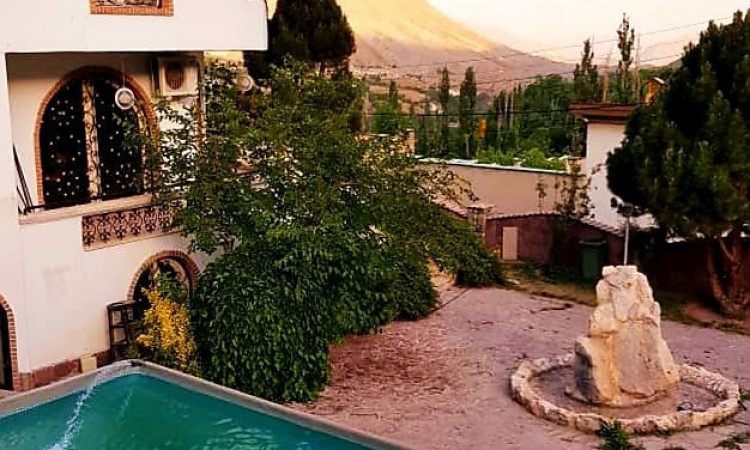 اجاره ویلا استخردار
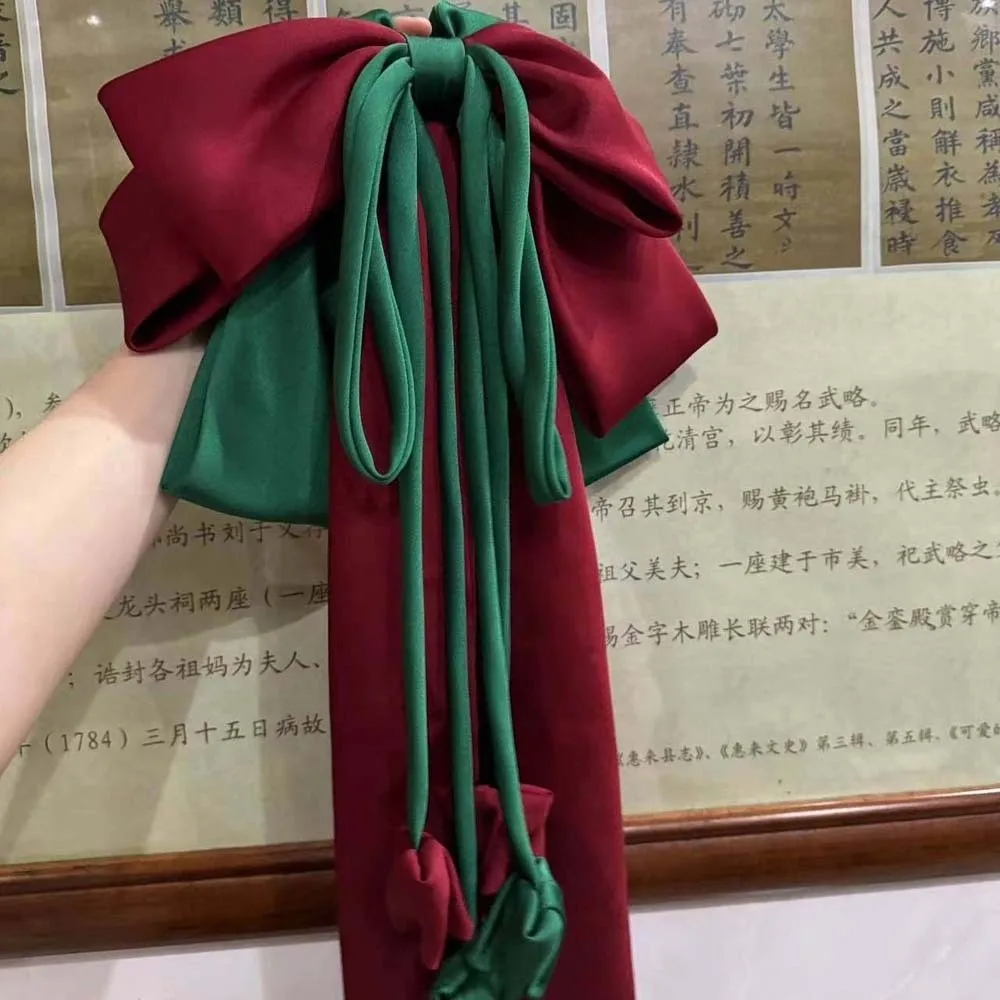 Мягкий сплав, большой бант, заколка для волос, контрастный цвет, 4-слойная атласная лента, головной убор, заколка с принтом, рождественский аксессуар для волос для девочек
Мягкий сплав, большой бант, заколка для волос, контрастный цвет, 4-слойная атласная лента, головной убор, заколка с принтом, рождественский аксессуар для волос для девочек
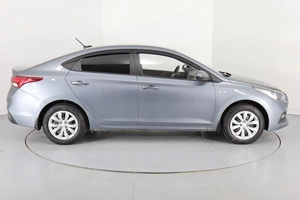 Седан Hyundai Solaris 2019 года, 1220000 рублей, Брянск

TASK BRIEF: Quote the data above in full, leaving out the pictures it holds.

EXERCISE OUTPUT:
 اجاره ویلا استخردار
 Мягкий сплав, большой бант, заколка для волос, контрастный цвет, 4-слойная атласная лента, головной убор, заколка с принтом, рождественский аксессуар для волос для девочек
Мягкий сплав, большой бант, заколка для волос, контрастный цвет, 4-слойная атласная лента, головной убор, заколка с принтом, рождественский аксессуар для волос для девочек
 Седан Hyundai Solaris 2019 года, 1220000 рублей, Брянск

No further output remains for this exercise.